Why does the C# compiler think I'm accessing unassigned variables?

Unperverted Vixen

Consider the simplified class at the end of this example. Right now, the compiler claims that in my call to B(), parameters b and c are accessing a variable that's unassigned.

If they're not assigned, then I would have bailed out in the d == null check.

Asides from defaulting b and c to null, is there any way to get it to realize that no, I'm not using unassigned variables?
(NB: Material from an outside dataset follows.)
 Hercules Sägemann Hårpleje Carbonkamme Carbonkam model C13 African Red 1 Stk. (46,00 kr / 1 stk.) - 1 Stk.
Or alternately, am I the real , and it's possible for them to end up unassigned at the time of the call to B() that I'm missing?

namespace WantToGoToSpace
{
    class Test
    {
        public static string GetA(int key)
        {
            return null;
        }

        public static string B(string a, string b, string c, string d)
        {
            return null;
        }

        public static bool Busted(int key)
        {
            var a = GetA(key);
            string b;
            string c;
            string d = null;
            if (a != null)
            {
                b = GetA(key);
                if (b != null)
                {
                    c = GetA(key);
                    if (c != null)
                    {
                        d = GetA(key);
                    }
                }
            }
            if (d == null)
            {
                // Do some shared "we failed" logging, which is why I didn't just return immediately.
                return false;
            }

            if (d.Length > 0)
            {
                B(a, b, c, d);
            }

            return true;
        }
    }
}

Benjamin Hall

@unperverted-vixen could they be being garbage collected before then? I've had such weirdness before when I wasn't tracking the lifetime of variables and they were going out of scope somewhere before that. That's my only idea.

Unperverted Vixen

@benjamin-hall I’m getting compile failures, not runtime failures.

masonwheeler

@unperverted-vixen Eric Lippert had a couple very interesting articles on a related case.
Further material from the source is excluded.